There’s a certain irony in the fact that the most digitally native generation alive, the one that grew up with algorithms, analytics, and five-second attention spans, the Gen Z crowd, has found its most consistent source of emotional grounding not in an app or a productivity framework, but in the stars, quite literally!. And breaking down that shift in a way that makes complete sense is renowned astrologer, numerologist, tarot reader, and Vastu consultant Shradha Salla, who has spent over two decades guiding individuals and organisations through some of their most consequential decisions. She says, “Gen Z isn’t turning to astrology because they believe in magic. They’re turning to it because it gives them a language for what they’re already feeling. And that’s something therapy waitlists and productivity apps haven’t been able to offer.”
She explains that this current generation’s relationship with astrology isn’t about blind belief or viral sun sign content. It’s about finding a language for understanding what’s already happening inside. A framework that makes their inner life feel less chaotic, and more like something that can actually be read. And what’s driving this isn’t a trend, but context. Gen Z inherited a world that had already started coming apart. They’re witnessing everything from financial instability, burnout normalisation before they’d even entered the workforce, the kind of collective anxiety that doesn’t have a clean diagnosis and so much more. Therapy has waitlists. Mindfulness apps can feel hollow after a while. And the traditional scripts of college, career, certainty, all have stopped making the kind of sense they once did.

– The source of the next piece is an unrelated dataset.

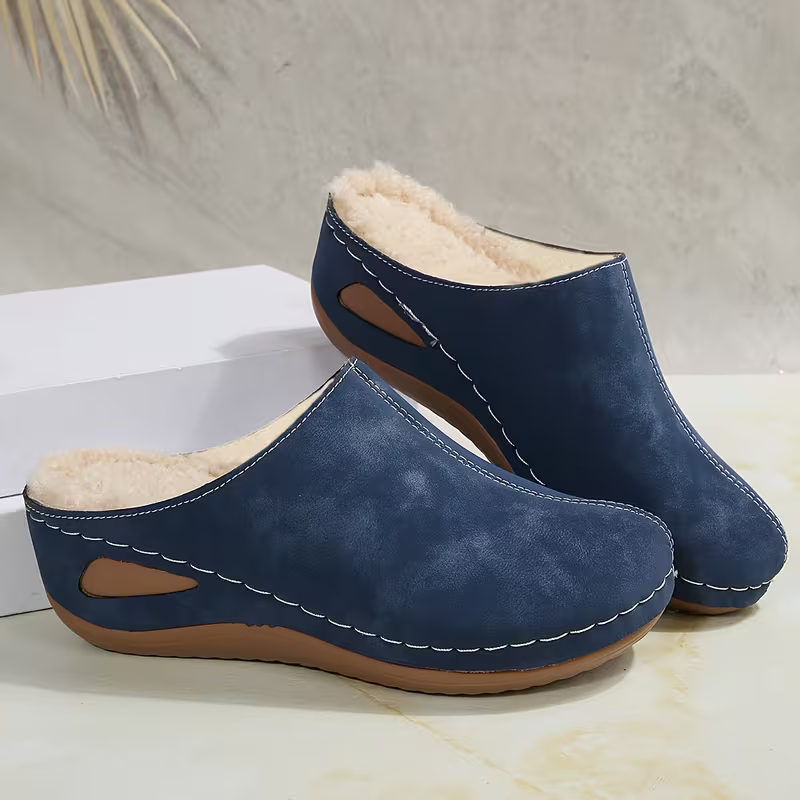 Warme ergonomisch geformte Damen-Winterpantoffeln – Ansicht 9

Into all of that, astrology stepped in for Generation Z not as a solution, but as a mirror.
The shift, at its core, is a shift in how the question is being asked. Earlier generations used astrology to predict matters like when to marry, when to invest, what was coming etc. And now, Gen Z uses it to understand core concerns such as why certain patterns keep repeating, why something felt off before they had the words for it, why a particular chapter of their life felt like a dead end no matter what they did. That’s not fortune-telling. That’s self-awareness approached from a different door, from a different POV, which makes a lot more sense. And for Shradha, that distinction is everything. Her own practice reflects it. She’s never positioned astrology or numerology or tarot as instruments of prediction, but as tools for reading energy, recognising patterns, and understanding the self with more precision. In a generation that’s more emotionally literate than any before it, and more starved for meaning at the same time, that’s exactly the kind of guidance that lands. Ans Shradha Salla is all for it!